KINREC CONNECT: Professor Gordon Giesbrecht
Every so often, we will profile and highlight a person of interest from our faculty through an informal, off-the-cuff Q & A feature entitled KinRec Connect. This offers a chance to meet and learn about the catalysts behind our exciting and dynamic faculty.
Get to know FKRM professor Dr. Gordon Giesbrecht a little better:
Where did you grow up?
Where did you complete your undergraduate degree?
I did my B.P.E. in our faculty. I started in 1976. Although I was in the Class of ’79, I didn’t graduate until 1985 because, after my first year, I went to Edmonton for the summer… and stayed for six years!
What teams, clubs, or groups were you a member of during your undergraduate years?
When I came back for 2nd and 3rd year, I was married and my wife was pregnant. I had to get serious and therefore, didn’t do much but study; it paid off as I earned the gold medal in 1985. By the way our first daughter was born on the day of the Biomechanics final exam; even Dr. Alexander had to accept that excuse 🙂
Where did you complete your master’s degree, what did you study, and what were your main findings?

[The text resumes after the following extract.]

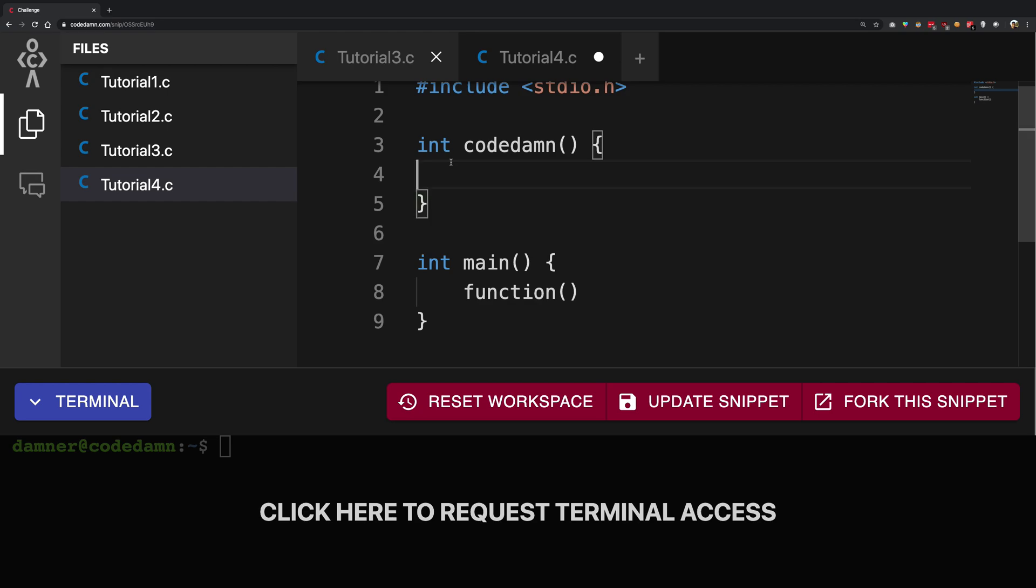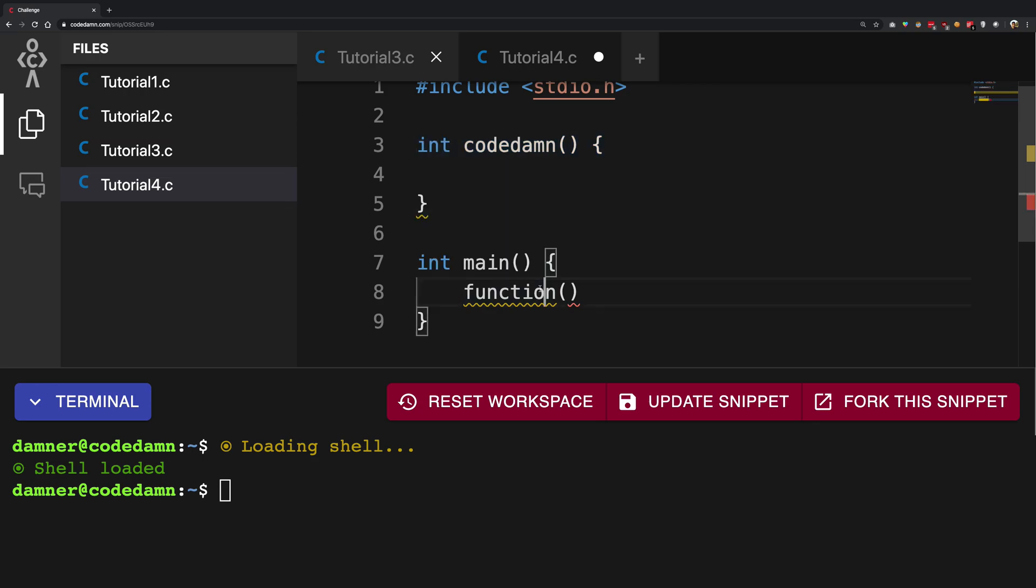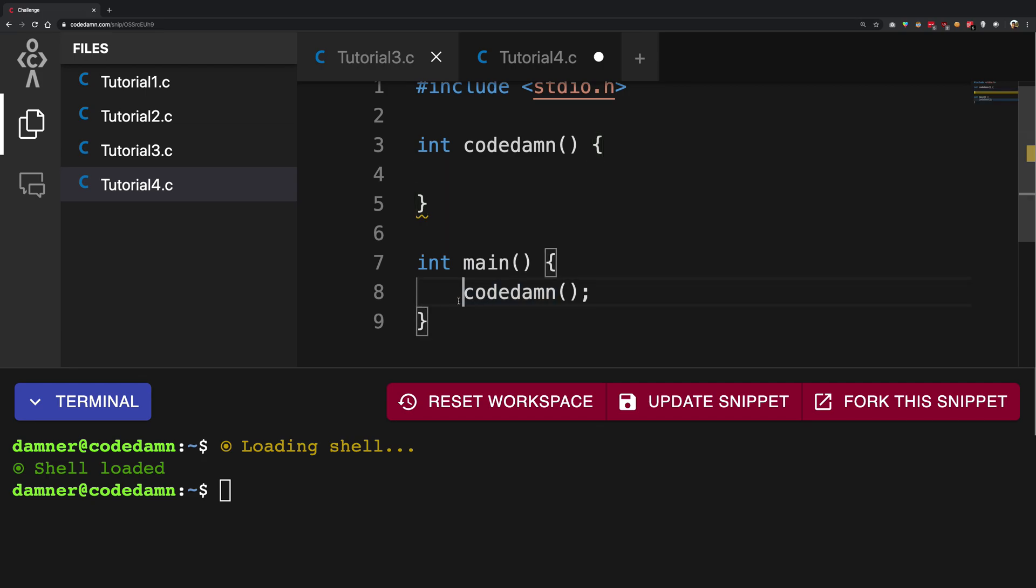So what happens now, now what we're going to do is we're going to execute this function right here by saying just code damn. What this is, is what happens with functions is a fundamental concept that they would run a bunch of instructions and then they would return a result to the calling function so that the calling function knows what it has done or what has actually happened.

I did my M.P.E. in our faculty. We studied rewarming methods for subject’s that we made more hypothermic than in any other ethically-approved study in the world. Our results were seminal in our ultimate proofs of the importance of shivering at lower core temperatures than previously believed, and the safety of pre-hospital application of external heat for treatment.
“I encourage my students to try to visualize the actual physiology in real time. It can be a cool experience.”
Where did you complete your Ph.D. degree, what did you study, and what were your main findings?
I studied respiratory physiology in the Dept. of Physiology, College of Medicine, University of Manitoba. One of my goals was to explain the rapid shallow breathing that occurred during pulmonary edema; interesting that after four years I still didn’t know the answer. We did however determine the effects of cold and pressure variations on the firing outputs of various lung receptors and their effect on breathing pattern. This work really helped me when I set up my own laboratory to continue to study human cold physiology.
What is your favourite course to teach and why?
Exercise Physiology. First of all, everything (including psychology) is governed by physiology (i.e., neuronal activity and connections). Second, the understanding of exercise is fundamental to so much of what we study in our faculty. It requires a prerequisite understanding of anatomy, biology and chemistry and then builds on all the body systems. You have to understand how the healthy body works before you can strengthen it or work with injury or disease states.
Who are your favourite musicians, performances, sports teams, etc?
The Beatles and the Guess Who. I was just too young to catch events like the Beatles live on the Ed Sullivan Show, so my favourite concert was Paul McCartney last year. In his 70s he sang for more than three hours and every song was a hit. His three-song encore says it all about his versatility. He sang Yesterday, Mull of Kintyre, and Helter Skelter. Who else has made hits from such divergent types of songs?
Favourite teams: the ’67 Leafs, the ’70 and ’72 Bruins, the Avco Cup winning Winnipeg Jets and the ‘80s Edmonton Oilers, we will never see a team like the Oilers again.
What are your hobbies?
I am currently on a multi-year project (a little each day) to copy the New Testament in Greek and English. I also LOVE playing hockey! My goal is to someday play in a game with all my grandchildren and son-in-law; I’ll be about 70 then.
If you could be or do anything else, what would it be?
I would like to run an NGO to either: a) free child slave workers; or b) deal with clean water and health issues in the third world.
What one word would you use to describe yourself?
Action-strategist (if it’s hyphenated, it counts as one word right?)
What are you reading at the moment?
Most recently, “Everest The First Ascent” about Dr. Griffith Pugh, a physiologist who discovered much about altitude physiology that enabled that first ascent.